[Goal of the exercise] Reproduce, from the lines below, exactly the stretch that begins at the line containing "Feeder Options with Blake Shook" and ends at the line containing "Swallowtail caterpillar in an herb garden", both included.

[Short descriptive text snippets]
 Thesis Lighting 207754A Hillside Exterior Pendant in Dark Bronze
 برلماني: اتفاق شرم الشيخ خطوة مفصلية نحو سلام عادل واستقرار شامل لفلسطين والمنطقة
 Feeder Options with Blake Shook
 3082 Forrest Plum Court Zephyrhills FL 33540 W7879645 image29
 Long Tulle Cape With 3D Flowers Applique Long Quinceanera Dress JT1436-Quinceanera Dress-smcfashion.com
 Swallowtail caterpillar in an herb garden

--

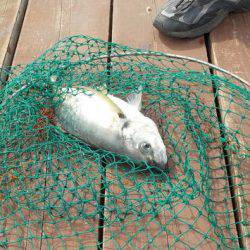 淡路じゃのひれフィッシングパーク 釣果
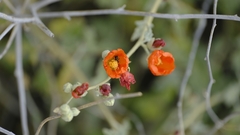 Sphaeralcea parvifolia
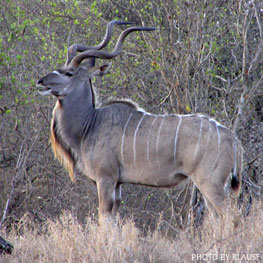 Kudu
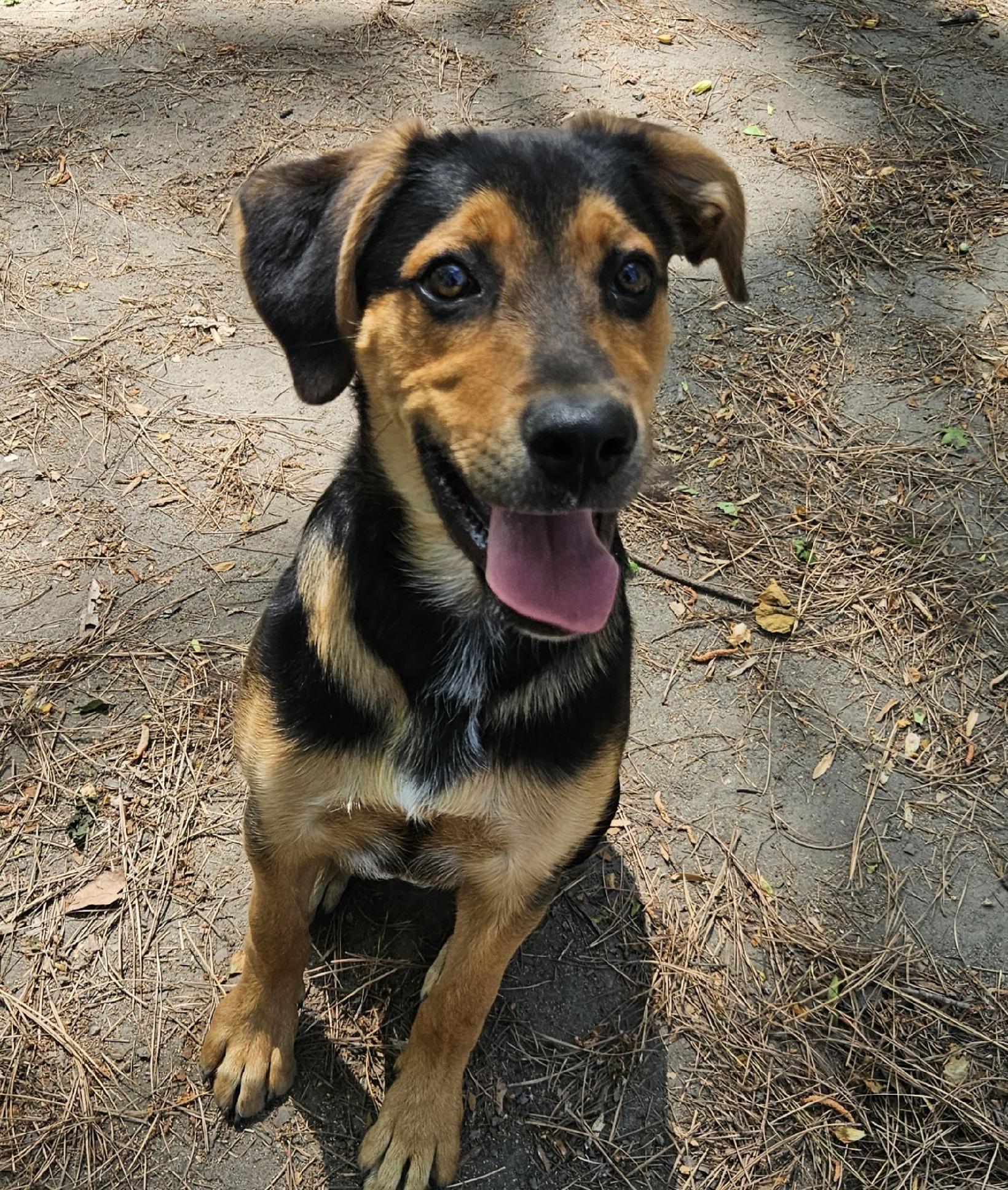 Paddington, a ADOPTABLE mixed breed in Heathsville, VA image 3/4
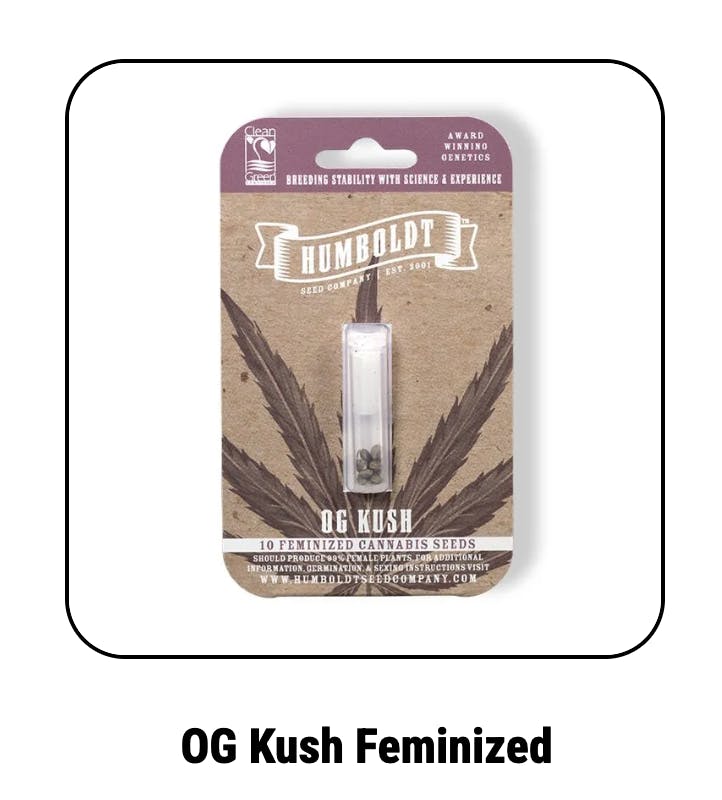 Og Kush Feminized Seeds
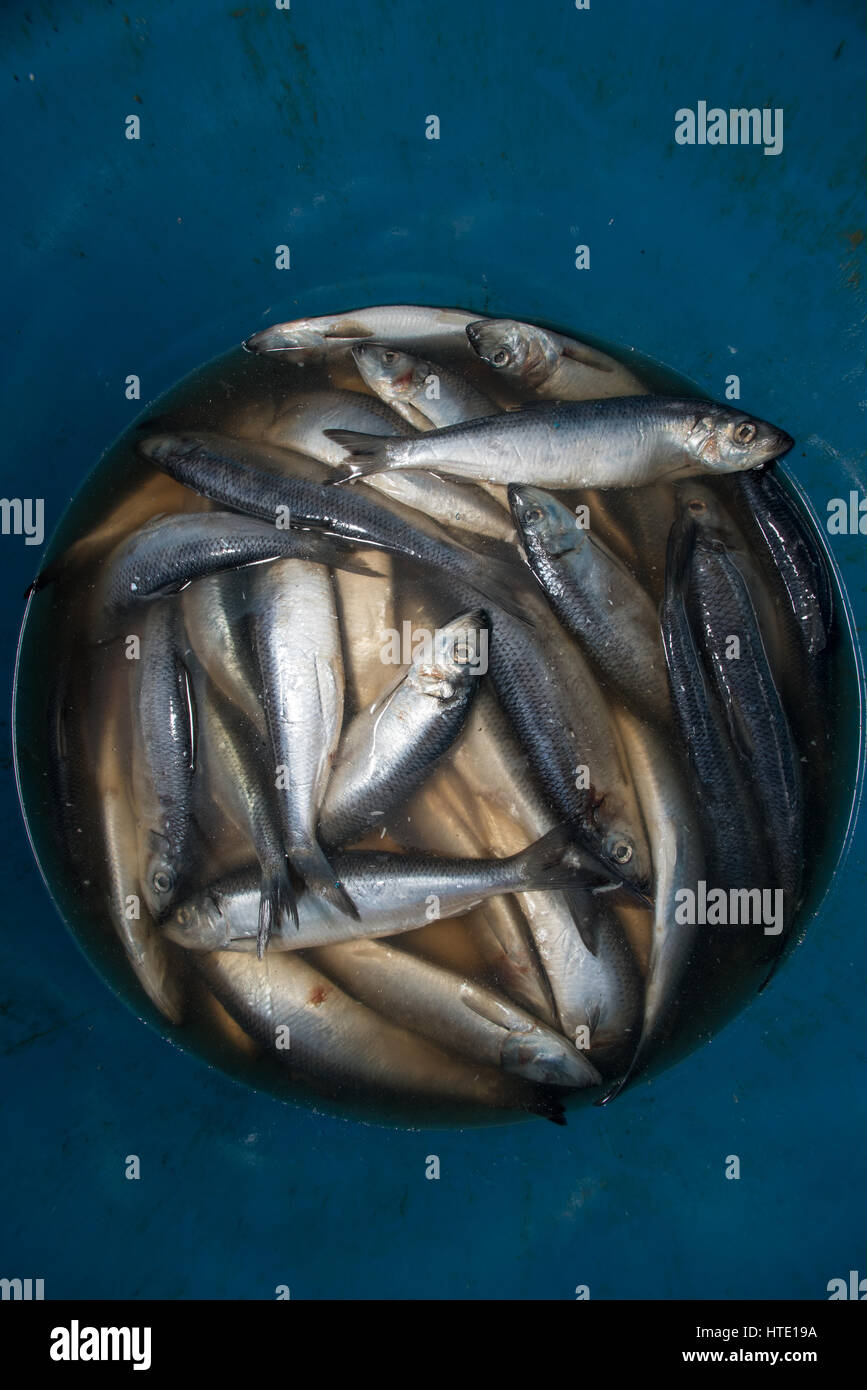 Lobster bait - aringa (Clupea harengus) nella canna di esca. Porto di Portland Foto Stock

[Exercise answer]
 Feeder Options with Blake Shook
 3082 Forrest Plum Court Zephyrhills FL 33540 W7879645 image29
 Long Tulle Cape With 3D Flowers Applique Long Quinceanera Dress JT1436-Quinceanera Dress-smcfashion.com
 Swallowtail caterpillar in an herb garden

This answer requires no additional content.